O número três e a palavra défice marcam a discussão política actual em Portugal e na União Europeia (UE). As regras europeias impõem como limite para o défice orçamental um valor igual a 3% do Produto Interno Bruto (PIB). Isto significa que a diferença entre as receitas e as despesas públicas de qualquer Estado-membro da UE pode ultrapassar um valor negativo superior a 3% da riqueza criada no país.
A regra foi introduzida no Tratado de Maastricht como critério de acesso à União Económica Monetária, passou a integrar o Pacto de Estabilidade e Crescimento e depois o Tratado Orçamental.

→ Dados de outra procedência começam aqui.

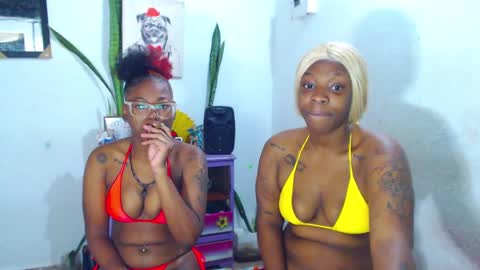 chayna smith online show from 01-23-25, 12:19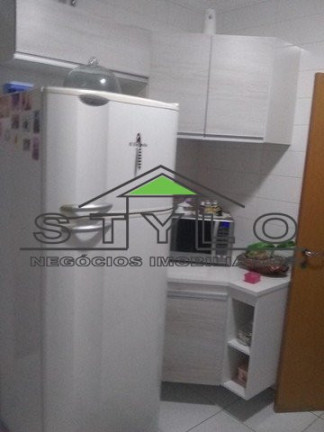 Imagem Apartamento com 3 Quartos à Venda, 105 m² em Rudge Ramos - São Bernardo Do Campo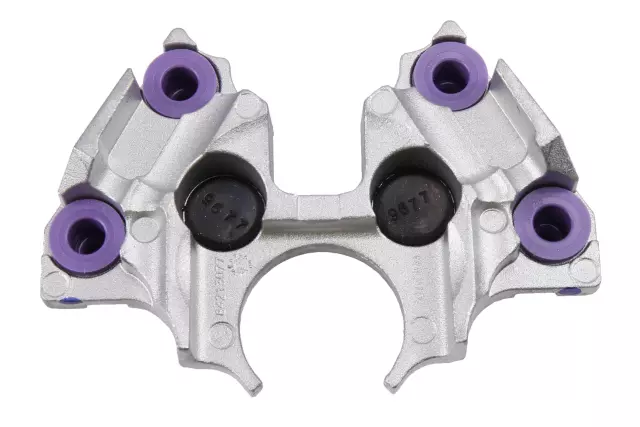 Steering Wheel Vibration Dampener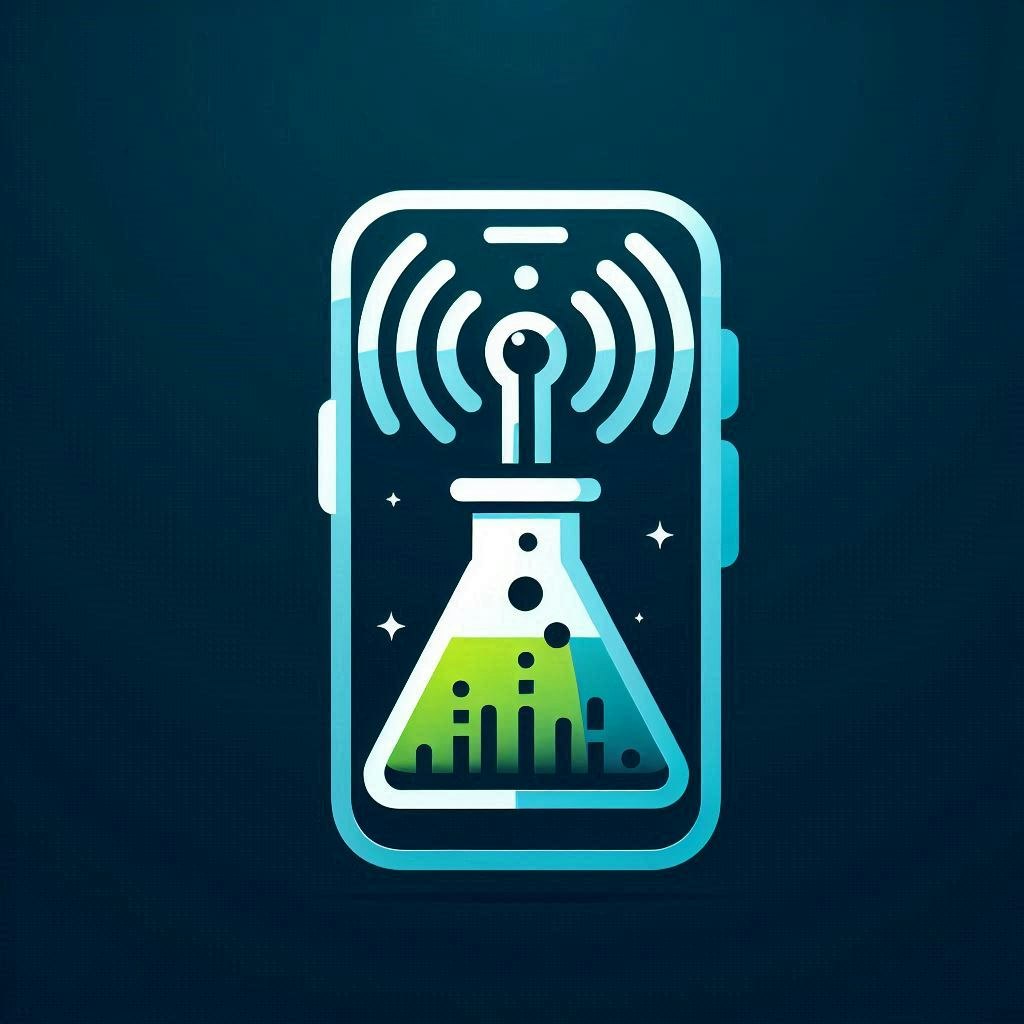 CellularLab logo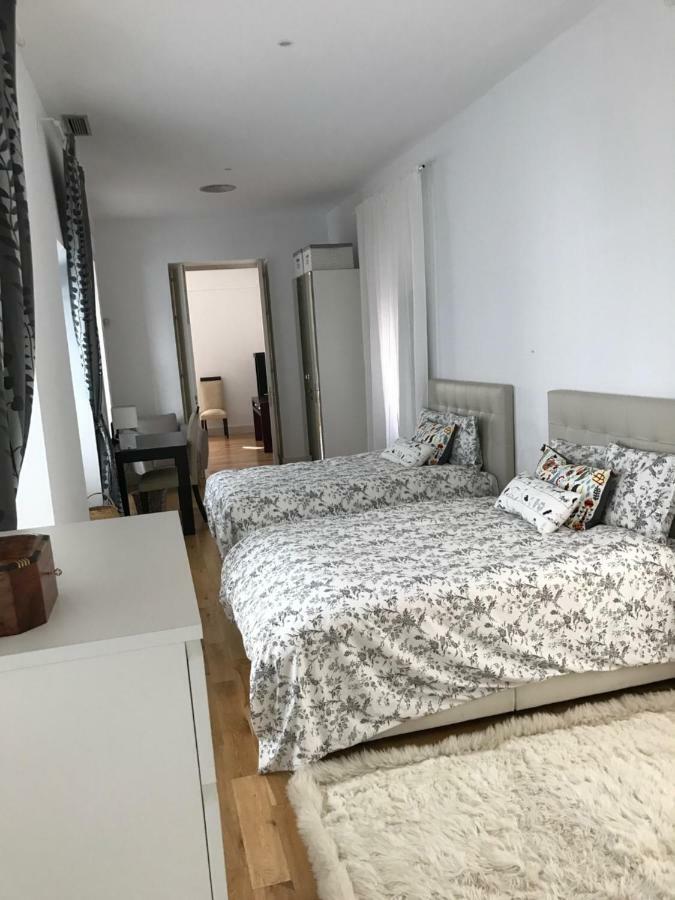Casa Palacio En Jerez De La Frontera Con Piscina Privada Eksteriør billede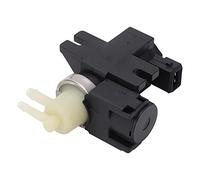 lyrlody Électrovanne de Convertisseur de Pression de Modulateur de Vide, Métal ABS, Améliore l'efficacité du Moteur, Compatible avec Ssangyong Kyron D20 D27 2006-2010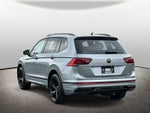 2024 Volkswagen Tiguan 2.0T SE R-Line Black 4MOTION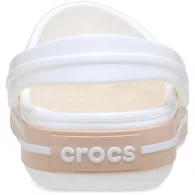 Шлепанцы Crocs Crocband thumbnav 5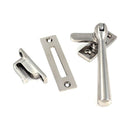 From The Anvil - Polished Marine SS (316) Locking Newbury Fastener - 52066 - Choice Handles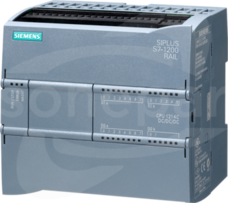 SIPLUS S7-1200 CPU 1214C DC/DC/DC Sterownik PLC
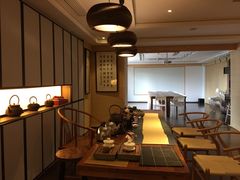 我茶台ONE味-我茶人文茶馆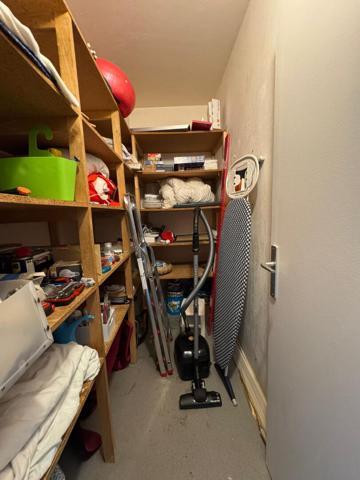 A LOUER JOLI T4 MEUBLE CLAIR VALLON , Vannes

Mas qual a origem desta regra, que hoje justifica a imposição de sanções a Portugal pela Comissão Europeia?
Em Setembro de 2012, o diário francês Le Parisien contava uma conversa com o homem que «inventou o conceito dos 3%». Guy Abeille era assessor do Ministério das Finanças francês em 1981, quando a regra surgiu pela primeira vez.
O presidente François Mitterand procurava um argumento para travar as propostas dos seus ministros que aumentassem a despesa e agravassem o défice do Orçamento de 1982. Então pediu «uma regra simples, que pareça vinda de um economista e que servisse para travar os ministros que entravam pelo seu gabinete a pedir mais dinheiro».
Nas palavras de Abeille, escolheram o PIB «porque, em economia, todos falam do PIB». O défice das contas públicas francesas rondava os 100 mil milhões de francos, o que representava pouco mais de 2,6% do PIB. Para que a regra fosse simples, apontaram aos 3%, «um bom número, que atravessou a História e remete para a Trindade», afirmou o antigo funcionário ao jornal francês.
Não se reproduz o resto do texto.